A NASA
probe hurtling towards Pluto will hit
the accelerator next month when it flies past the planetary giant Jupiter.
The New
Horizons spacecraft is due to make its closest pass by Jupiter on Feb. 28
and add another 9,000 miles (14,484 kilometers) per hour to its velocity as it
speeds out towards a rendezvous with Pluto in July 2015 [image].
"This is a
big test for our mission," said Alan
Stern, NASA's New Horizons principal investigator at the Southwest Research
Institute in Boulder, Colorado. "We're actually beginning to get data,
important scientific data, which my team is going to be rabid to work with as
soon as we get it on the ground."
New
Horizons' swing past Jupiter is a rehearsal of sorts for its ultimate flyby of Pluto and its moons
in 2015 [image].
The probe will not only study Jupiter's turbulent atmosphere, but scan its
auroras, rings, moons and - for the first time ever - the planet's trailing
magnetic field.
"There is
no mission plan to do another flyby like this of the Jupiter system," said
Stern, who spoke during a Thursday mission briefing at NASA's Washington, D.C. headquarters.
Pit Stop
to Pluto
NASA launched
its New Horizons mission one year ago Friday on what the space agency has billed as its fastest
flight to the outer rim of the solar
system [video].
With its seven
instruments, New Horizons is designed to study Pluto, its three moons - Charon,
Hydra and
Nix - and distant icy objects in the Kuiper
Belt that lie beyond the orbit of Neptune.
Those objects, researchers hope, contain 4.5 billion-year-old traces of the
solar system's building blocks.
What New
Horizons finds at Pluto and in the Kuiper Belt should help astronomers answer
"some fundamental questions about the origin of the solar system," James Green,
acting director of NASA's Solar System division, during the briefing.
The probe
is currently 41 million miles (65 million kilometers) from Jupiter and
closing at a speed of about 44,268 miles (71,242 kilometers) per hour.
At its
closest approach, New Horizons will swing within 1.7 million miles (2.3 million
kilometers) of Jupiter to grab a gravity boost that will shave three years off
its flight to Pluto, researchers said [image].
"We've
designed this particular flyby to be a stress test on our spacecraft to work
out the kinks," Stern added.
Jupiter's
storms, moons and magnetotail
With 700
separate Jupiter system observations planned during its Jovian encounter, the
New Horizons probe will be far from idle when it swings past the gas giant planet.
"We'll be
making the most of this opportunity to learn a lot about Jupiter itself," said
John Spencer, deputy chief of New Horizons' Jupiter encounter science team at
SwRI.
New Horizons
has already made an unexpected find within Jupiter's atmosphere.

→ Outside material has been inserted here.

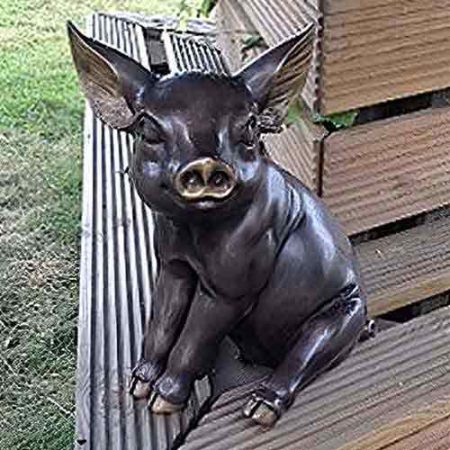 Bronze Pig :Sweety Pie Pig : Escar UK Bronze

Its initial
set of black and white images of the planet's notorious tempest the Great Red
Spot taken earlier this month revealed that a turbulent region to the storm's
northwest - as seen by the Cassini
probe in
2000 - appears to have calmed.
"That
region looks really quite cloud-free," Spencer said. "So that's not what we
expected."
New
Horizons will also provide a fresh look at Jupiter's four largest moons
- volcanic Io,
Europa, Ganymede
and Callisto
- as well as study the planet's auroras
and hunt for new satellites within its faint rings, researchers said.
But for
some, the highlight comes after the probe's flyby, when New Horizons will fly
through Jupiter's magnetotail, the trailing portion of the planet's magnetic
field that extends outward away from the Sun
[image].
"No
spacecraft has ever been there. We don't know what happens there," Spencer said
of Jupiter's magnetotail. "It just so happens by good luck that the path to
Pluto leads us right down the magnetotail."
Astronomers
estimate Jupiter's magnetotail sweeps across six astronomical units - or six
times the distance between the Earth
and Sun - to reach the orbit of Saturn.
One astronomical unit, or AU, is about 93 million miles (149 million
kilometers).
"This is a
whole new zone of the solar system," Stern said of New Horizons stomping
grounds. "It opens up a window into the outer solar system and a window back in
time 4.5 billion years to the birth of the planets."